It was C, A, C respectively. I get the answer for question 4, but I'm not sure how to do 3
For question 5, can't we assume that one of the three groups receive no award therefore answer can be D?
For 3 I got A by process of elimination, i.e. figuring out which ones can be false by considering different cases. I'll refer to the group with all German speakers as G1, and the other two as G2 and G3. There are 12 German speakers, 12 French speakers, 6 girls, and 18 boys.
Option A: Consider if all except one member of G1 was a boy (i.e. 1 girl German speaker and 7 boy German speakers). This leaves us with 11 boys and 5 girls remaining in G2 and G3, of which 4 are German speakers and 12 are French speakers. If we consider all the boys to be French speakers, we are left with no German speaking boys. Thus the statement is false.
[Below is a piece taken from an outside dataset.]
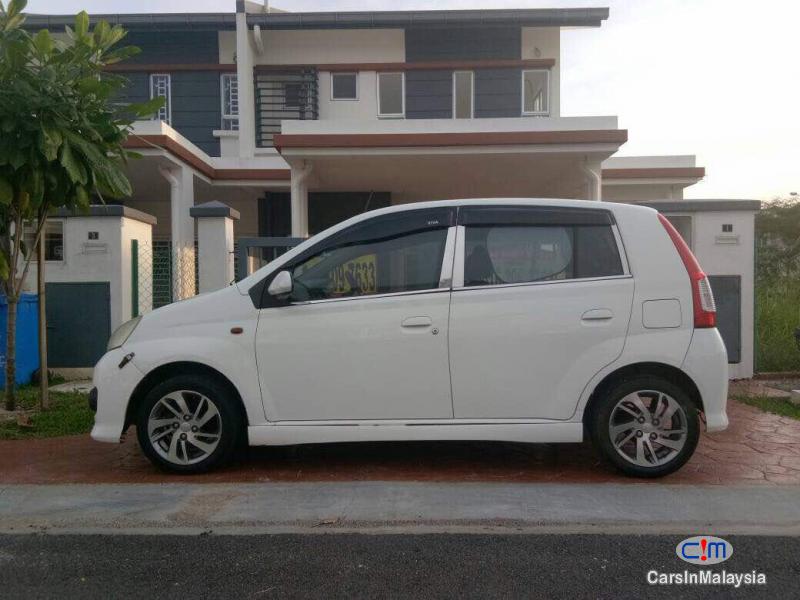 Perodua Viva Automatic 2011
Option B: Consider the case where all girls speak French. The case works so the statement is false.
Option C: We know that each group has at least 1 girl. For the maximum amount of girls in G2 and G3 (5) there should be one girl in G1. These 5 girls in G2 and G3 can all speak French, thus the statement is true.
Option D: Consider the case where there are 4 girls in G1, and one French speaking girl in each other group. There would be 4 German speaking boys in G1. Thus we have 14 boys in G2 and G3, of which 12 speak French and 4 speak German. If we consider all the boys to be French speakers, we can have a maximum of 12 French speaking boys. Thus the statement is false.
For 5 I assumed the same as you as the question does not say each group receives a prize. If this was the case, testing Option C, G1 and G2 could receive 4 prizes, and G3 none. Thus, the winning group would need to win at least 5 prizes to win more prizes than any other group. So my answer was D. But if we can't make that assumption I can see how it's C.